# need 501 help



## AnnMather (May 30, 2002)

I have a Dish 501 pvr in the livingroom. I want to purchase another for the den.

The rooms are 40 feet apart. If one of us is watching in one room, and someone else in the other room, will the remotes interfere with each other?

How can I have 2 501's on at the same time without interference from each other?

Thanx


----------



## John Corn (Mar 21, 2002)

Hi Ann, Welcome to DBSTalk. :hi: 

You can use 2 501 remotes with 2 501's close together.
In your remote book there a remote address that can be changed so you can use it just the way you want to......take a look at the remote book you got...........I lost mine. 
I have 1 remote address set to 1 and the other remote address set to 2 and it works just fine.


----------



## Mark Lamutt (Mar 24, 2002)

For the record, here's how you change the remote address (of both remote and receiver):

1. Display the system information screen of your receiver. You will notice towards the bottom of the screen the remote address.

2. Press and hold the SAT button on the remote until the buttons across the top flash once, and the SAT button continues flashing.

3. Enter the new desired 2 digit remote address - i.e. for address 7, enter 07 from the remote.

4. Press the # key on the remote.

5. Press and hold briefly the RECORD key on the remote. 

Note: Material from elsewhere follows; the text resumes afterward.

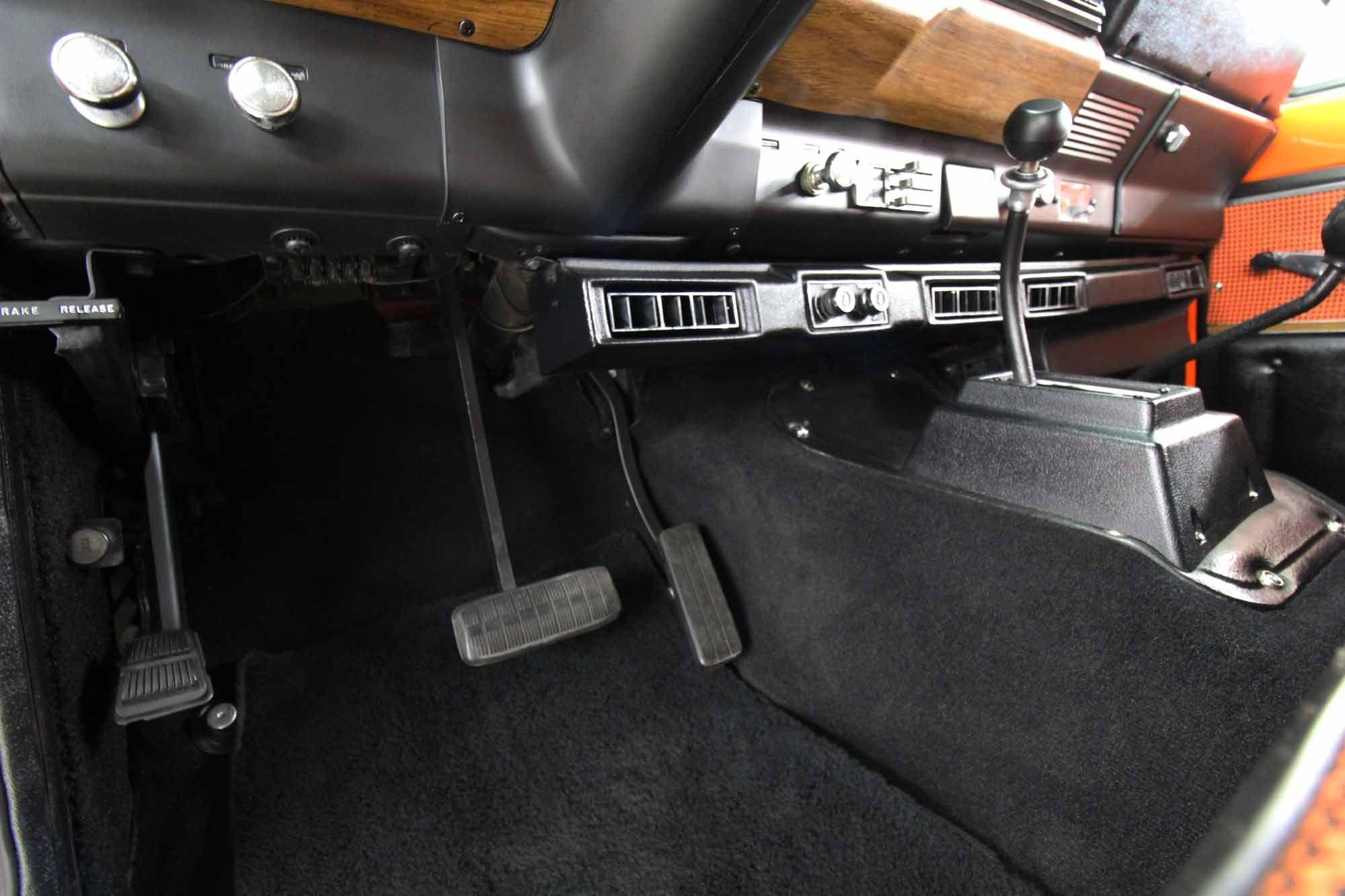 1976 International Scout Traveler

You should now see that the address on the receiver has been changed to the new one you put in. If it didn't change, follow the steps above to change your remote address back to what it was before, pull the smartcard from the receiver to reset it, put the smartcard back in and try the process again. Also, if you are changing the address on a uhf unit, you'll need to check other uhf receivers to make sure you didn't alter their remote address as well.


----------



## DarrellP (Apr 24, 2002)

Just make sure you have the receiver you don't want to change turned off or it will change also.


----------



## AnnMather (May 30, 2002)

Thanx all. Just off the phone with DN - will get my new 501 in a week.


----------